Price declines predicted for calf market through 2019
Whitman, Neb. – Increasing beef exports in 2017 weren’t enough to increase calf prices, according to the senior economist for the Livestock Marketing Information Center.
Jim Robb told producers at the annual open house at the Gudmundsen Sandhills Laboratory in Whitman, Neb. that, although the fed cattle market has really stabilized the calf and yearling markets this year, he doesn’t see calf prices increasing significantly above a year ago.
“The fed cattle market has tapered off in recent weeks, but it doesn’t feel like a year ago, or the year before that, in terms of the fourth quarter being as rocky and spilling back across the calf and yearling market,” he said.
Calf prices for 500- to 600-pound steers in the Southern Plains market are nearly the same as last year.
“I’m not sure the fed cattle market will break hard in October,” Robb explained. “We had a unique set of circumstances last year that I’m not sure will repeat themselves this year.”
“Calf prices this fall may be above where they were last fall, but that could be a little bit of a false signal, so I would be cautious,” he warned producers.
The dynamic has been in yearling 700- to 800-pound steers versus fed cattle.
“A couple years ago, the differential was $80 this time of year.
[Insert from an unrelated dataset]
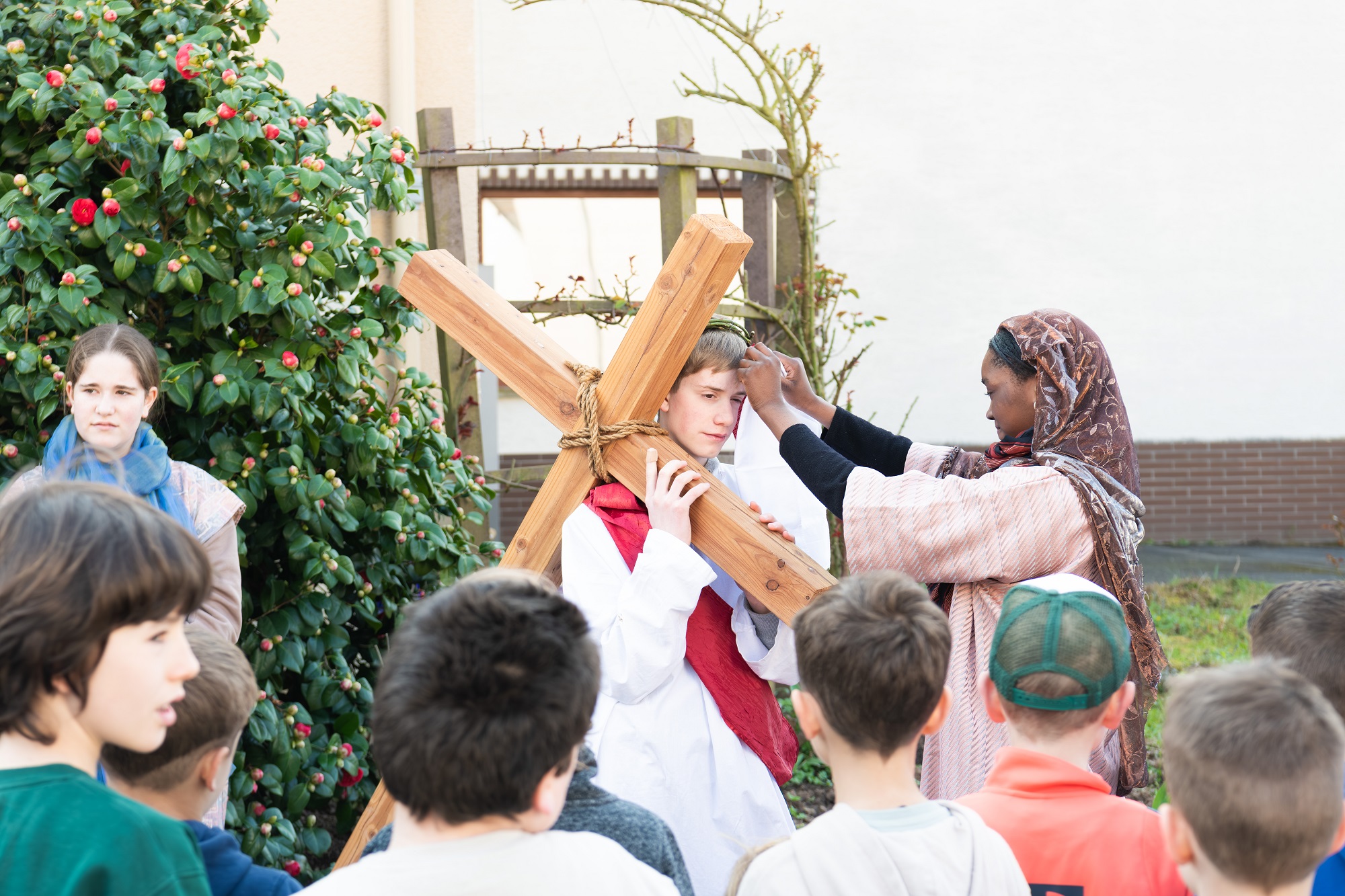 Szene aus dem Passionsspiel: Jesus trägt das Kreuz.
An $80 premium for 700- to 800-pound steers isn’t going to work, no matter what corn prices are,” Robb emphasized. “We’re in more of a normal range this year.”
“We do have 700- to 800-pound steers that are a little high compared to fed cattle. These prices will have to come down some compared to last year. Just a word of caution, we’re still sitting on some of those long yearlings,” he said.
The cull cow market is still strong, mostly because of the lack of beef imported into the U.S. from Australia.
Robb said, typically, producers will see a seasonal decline in cull cow prices, but despite the drought in the northern states, the market is steady.
“If producers have access to good forage, they may want to hold onto some of those cows a little longer,” he said.
Robb also explained a scenario where the market is actually pulling cattle ahead and harvesting them at smaller dressed weights.
“This hasn’t happened since 2003, and it was because of bovine spongiform encephalopathy (BSE),” he explained. “We’ve never pulled cattle ahead because of the market, unless the winter weather was so severe we were essentially freezing cattle to the ground in the feedlots.”
“So, when the market does this, it sets a different tone than when the market can’t pull cattle through the system. This is a better market environment than a year ago,” he stated.
A look forward
Beef production is expected to increase through 2018, Robb said.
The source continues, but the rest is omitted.